One thing I was able to do today while sitting was fill up quart jars with dry beans for bean soup mix. We love 9 or 10 or 15 bean soup but when I make it at home, it’s however many beans I find handy.
We love beans and bean soup is a favorite for us in the winter. I put together 25 quart jars of soup mix.
There’s no need to go through the whole situation of our food supply here but something like bean soup mix is great to have on hand.
The Economics:
At our Walmart, a bag of 15 bean soup mix, including the seasoning mix, is $2.72. That’s a 20 oz. bag so I’m going to say that’s 19 oz. of beans and 1 oz. of seasoning.
Dry beans at our Walmart run anywhere from $1.15 to $1.50 per pound, depending on the bean and whether the Great Value brand is available. Let’s just say $1.30 per one pound bag for the beans so that makes 19 oz. of beans cost $1.56. Each packet of the seasoning mix I use currently costs .18 so that makes 19 oz. of beans plus 1 seasoning packet cost $1.74. That’s basically $1 less than buying the packet of already mixed beans so, for the 25 jars of beans I made, I saved $25. Linen money! 🙂
Now, if you’re going to make a pot of bean soup three times a year, the savings isn’t worth it and I’d just buy the bag of already mixed beans!
How I Do It:
I use a large bowl or even a plastic wash tub. 24 pounds of beans will fill 12 quart jars with about 2 pounds of beans per jar and I made two batches – 12 quart jars the first time and 13 quarts the second time. That happened because I was using a half gallon jar of pinto beans and for the second batch, I dumped in the rest of what was in the jar and it was apparently more than two pounds.

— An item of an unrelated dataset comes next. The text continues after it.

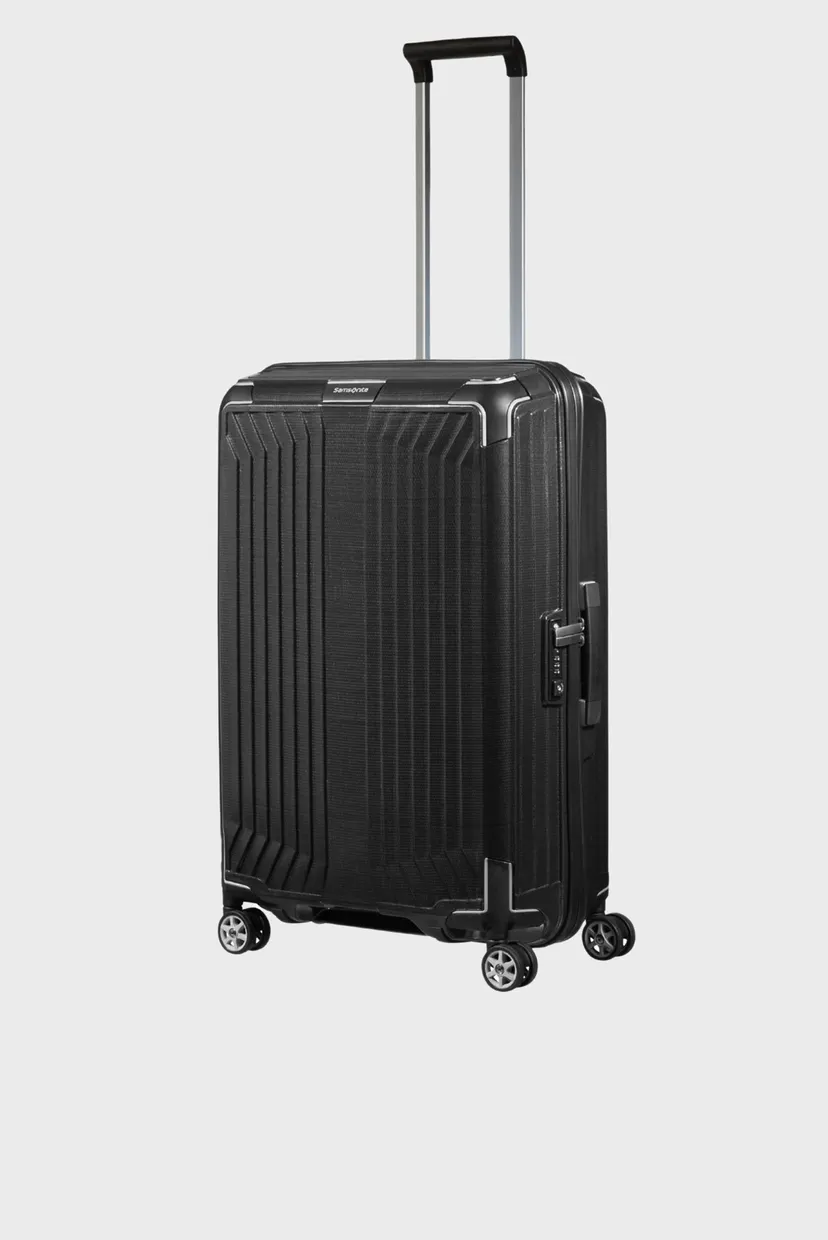 Черный чемодан 69 см LITE-BOX BLACK 4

I use whatever beans I have on hand.
Today I used the following beans:
- Pinto Beans from a jar
- Yellow Beans
- Black Beans
- Small Red Beans
- Great Northern Beans
- Lima Beans
- Baby Lima Beans
- Black Eyed Peas
- Lentils
- Garbanzo Beans
- Cranberry Beans
You can truly use as few or as many types of beans as you like or as you can find.
I didn’t do any prep (as in freezing or washing the beans beforehand), just dumped them all into a huge bowl, mixed them with my hands and then loaded them into 12 quart jars.
In each quart jar, I placed two packets of Goya Ham Flavored Concentrate. It isn’t the most healthy spice packet (corn syrup solids, MSG) out there but it’s very good and I figure the health benefits of the beans outweigh the ingredients I wish weren’t in there. I have seen some recipes online for making your own but haven’t tried it.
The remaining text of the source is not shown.